BRIEF ▸
Restate word for word the lines of the records below, starting at the line that contains "Sandwiches with green" and ending at the line that contains "குருக்கள்மடம் கடற்கரையிலிருந்து பெண்", with both of those lines included and nothing else.

RECORDS FOR THE EXERCISE ▸
------------------------

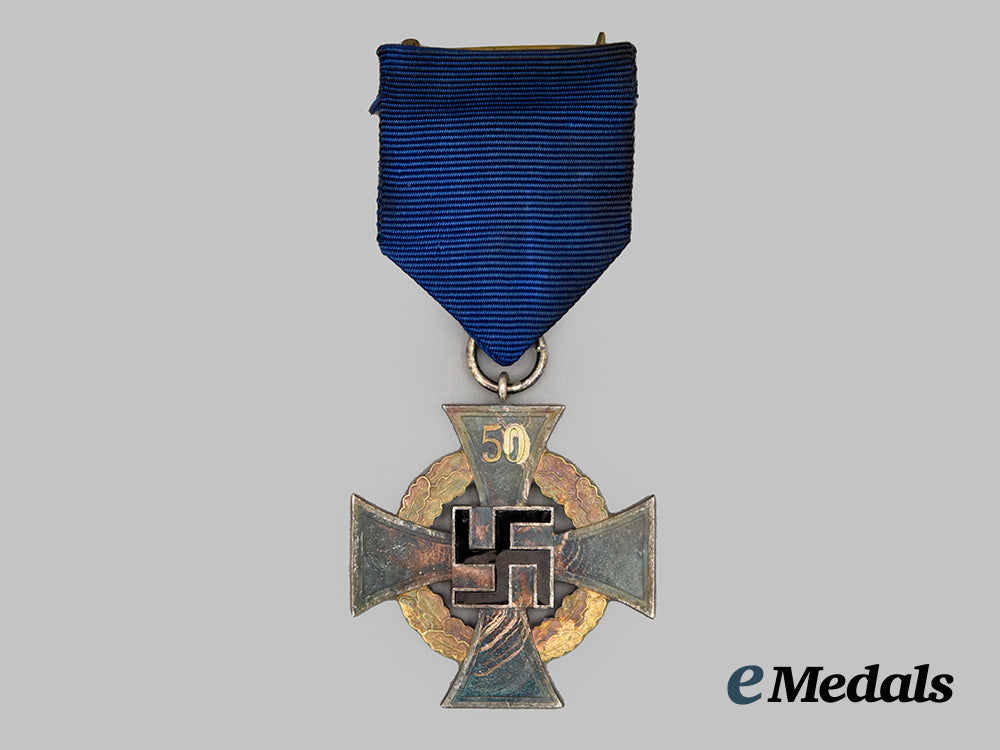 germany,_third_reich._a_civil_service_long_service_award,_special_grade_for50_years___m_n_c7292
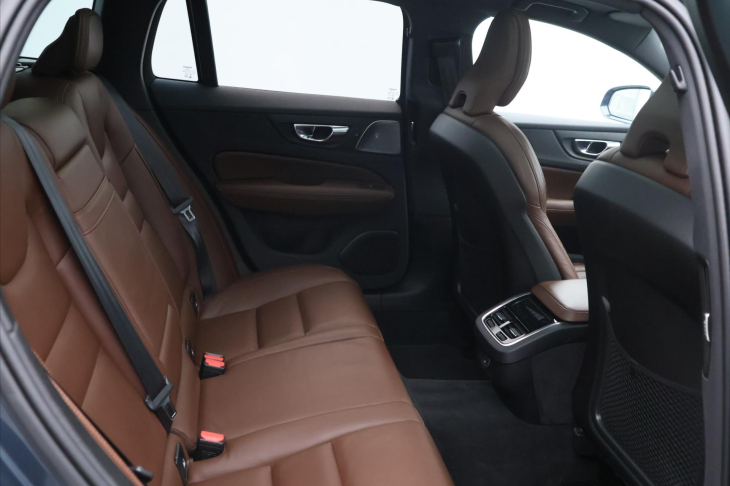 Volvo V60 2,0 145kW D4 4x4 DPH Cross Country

------------------------

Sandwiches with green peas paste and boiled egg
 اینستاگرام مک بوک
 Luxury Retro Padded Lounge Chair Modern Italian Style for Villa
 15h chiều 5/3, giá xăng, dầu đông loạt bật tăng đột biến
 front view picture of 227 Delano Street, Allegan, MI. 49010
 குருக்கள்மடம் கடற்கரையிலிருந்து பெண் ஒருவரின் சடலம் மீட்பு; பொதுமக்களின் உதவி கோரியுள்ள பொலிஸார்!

------------------------

EXPECTED ANSWER ▸
Sandwiches with green peas paste and boiled egg
 اینستاگرام مک بوک
 Luxury Retro Padded Lounge Chair Modern Italian Style for Villa
 15h chiều 5/3, giá xăng, dầu đông loạt bật tăng đột biến
 front view picture of 227 Delano Street, Allegan, MI. 49010
 குருக்கள்மடம் கடற்கரையிலிருந்து பெண் ஒருவரின் சடலம் மீட்பு; பொதுமக்களின் உதவி கோரியுள்ள பொலிஸார்!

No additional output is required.